The majority of the medication that you administer to your clients or service users will be prescribed by your GP. It's not our role as healthcare professionals to decide what medication is to be given. But we do need to be aware of the medication we're giving. We need to have an understanding of what it is used for and any potential side effects. When issuing a prescription, the doctor will take into account various factors. They look at the client's age, weight and other medications that they're on. Often it takes time to get the exact dose of medication right.

The GP will start at a base level, and this can be tweaked up or down, depending on the symptoms of the condition. In many cases, it can be trial and error. The GP will prescribe a medication not knowing exactly if it will work because there are various different forms of medication in certain groups. With these medications, you will have to monitor the effects, side effects and any changes in your client. Details of the medication will be in the instruction leaflet, but there should also be a copy of the BNF, the British National Formulary within your workplace; this has a list of all your medications, indications, contraindications, side effects, and you can refer to this anytime or, as previously stated, you can always call your pharmacist for advice.

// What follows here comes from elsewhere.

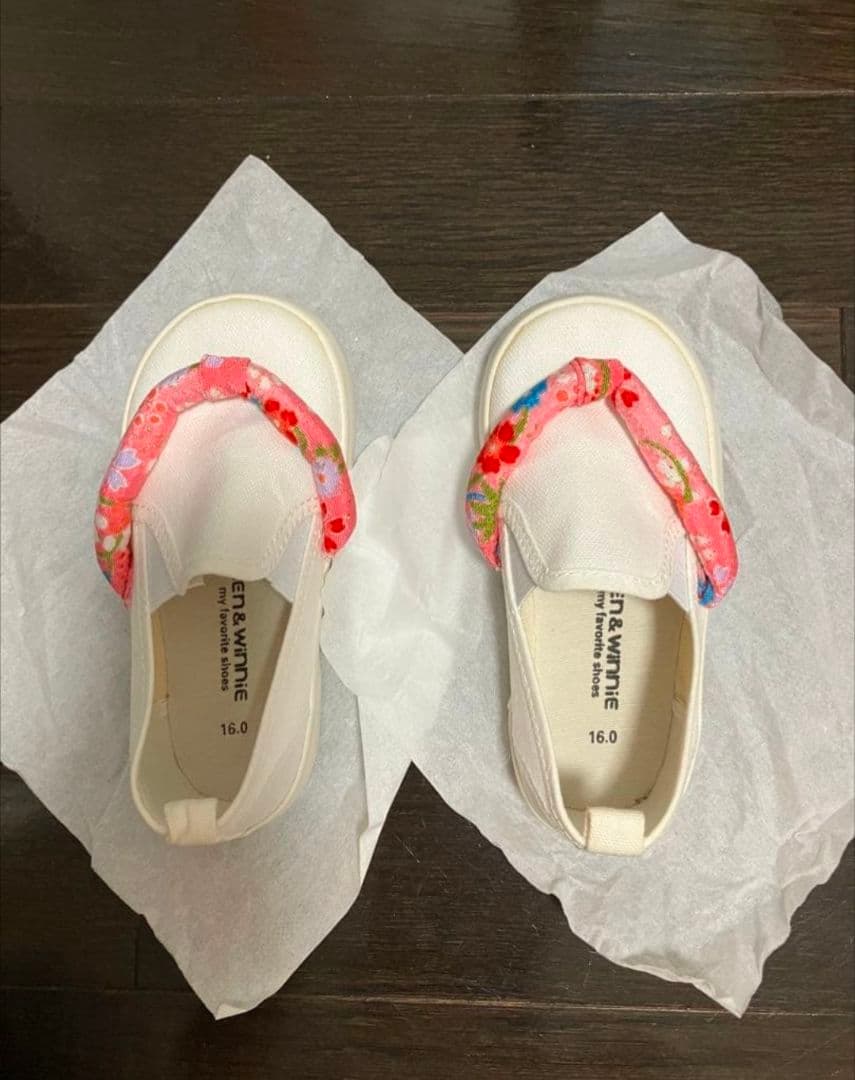 京都花ひめ　3歳 七五三　女の子　 被布セット 9点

As previously mentioned, doctors take into account various factors when prescribing medication. It's important when an elderly client group. Dosages may be a lot smaller. We have to bear in mind that over the years the elderly client group may have an excess build-up of medication in their body. Also, their liver and kidneys work less efficiently, so their liver won't break down the medication as easily and the kidneys won't excrete it. Also, the side effects may be more obvious with the elderly client group. As previously stated, the doctor will take all these factors into account when prescribing the medication.

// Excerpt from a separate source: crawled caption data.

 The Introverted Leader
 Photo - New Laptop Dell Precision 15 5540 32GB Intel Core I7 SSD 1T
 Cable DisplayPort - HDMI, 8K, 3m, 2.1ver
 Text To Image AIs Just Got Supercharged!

We're now going to talk about polypharmacy. This is where two or more medications are prescribed. The doctor prescribing the medications will be fully aware of all the side effects and interactions between the two medications. But you also need to have a basic awareness of the medications. Sometimes medications will be prescribed that have negative side effects. The GP will have already decided that the benefits of the medication far outweigh any side effects that the medication may give. When talking about polypharmacy, you need to be aware of your homely remedies. As we've previously discussed, always make sure you know what's in the homely remedy and that it's not going to interact with any medication that the client is already prescribed. As we've stated throughout this course and will continue to state, if you've got any concerns, always ask. You have your line manager, you have your pharmacist and you have a GP.